Crealysm game & engine development: http://www.crealysm.com

Looking for a passionate, disciplined and structured producer? PM me

Glad to read that my code comes useful for someone but me smile.png
So, I'll give you a couple of advices, but before is the most important one. Don't spend time on writing The Fastest Possible Code if you don't have a performance bottleneck or if it isn't your aim. While the performance is acceptable (say, 30-60 FPS), develop new functionality without micro-optimization.

Ok, now let's switch from boring lectures to what you want to read:


if(!SetVertexShader(pD3dscene, ec, pTechnique, pCam)) return false;        // 1x SetTechnique, 1x SetMatrix viewproj

You can use shared shader constants (google "HLSL shared") and effect pool and set cross-tech variables like ViewProjection once per frame.


shared float4x4 ViewProj;

In my code it works this way.
Here you save (NumberOfTechniques - 1) * SetMatrix
Also note, that you can pre-multiply World * ViewProj on CPU, if your shaders don't require separate World matrix.

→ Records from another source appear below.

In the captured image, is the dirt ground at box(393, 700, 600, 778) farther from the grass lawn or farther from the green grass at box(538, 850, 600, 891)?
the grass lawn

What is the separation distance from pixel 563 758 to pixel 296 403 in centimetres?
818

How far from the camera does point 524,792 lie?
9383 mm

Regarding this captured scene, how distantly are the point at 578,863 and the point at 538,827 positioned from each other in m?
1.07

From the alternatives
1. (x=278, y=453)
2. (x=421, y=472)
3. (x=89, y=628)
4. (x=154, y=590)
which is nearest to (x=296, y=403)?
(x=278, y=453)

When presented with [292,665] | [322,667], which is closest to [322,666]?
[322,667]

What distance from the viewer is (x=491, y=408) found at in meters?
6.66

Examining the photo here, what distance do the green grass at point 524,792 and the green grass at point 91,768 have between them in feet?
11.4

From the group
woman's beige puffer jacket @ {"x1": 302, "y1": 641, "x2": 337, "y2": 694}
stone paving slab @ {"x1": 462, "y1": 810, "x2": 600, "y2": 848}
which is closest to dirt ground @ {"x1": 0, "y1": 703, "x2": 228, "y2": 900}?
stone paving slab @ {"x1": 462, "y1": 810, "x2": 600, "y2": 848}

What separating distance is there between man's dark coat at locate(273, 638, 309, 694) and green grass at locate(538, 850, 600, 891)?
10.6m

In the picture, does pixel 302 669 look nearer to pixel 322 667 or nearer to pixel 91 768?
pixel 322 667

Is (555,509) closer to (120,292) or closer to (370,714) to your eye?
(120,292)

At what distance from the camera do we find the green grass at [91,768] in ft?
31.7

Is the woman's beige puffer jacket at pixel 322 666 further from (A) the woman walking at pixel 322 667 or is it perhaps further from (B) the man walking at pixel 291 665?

pD3dscene->mEffect[ec]->BeginPass(i);

Each pass sets render states you described for it. VertexShader, PixelShader, ZEnable, ZFunc and others. Also here shader constants are filled. Use PIX from DX SDK to dig deeper into the D3DXEffect calls. Here you can reduce state changes by writing passes effectively, especially when using D3DXFX_DONOTSAVESTATE. There is a good article: http://aras-p.info/texts/d3dx_fx_states.html

Instead of iterating through all meshes for all techs, you can (and probably should) sort your models. Using qsort or std::sort it is a trivial task and takes about 5 minutes.
Also for big scenes you may want to use spatial partitioning for visibility checks and avoid testing visibility of every object. Renderer will receive only visible objects, which leads to performance improvement (especially sorting, which depends on number of objects being sorted).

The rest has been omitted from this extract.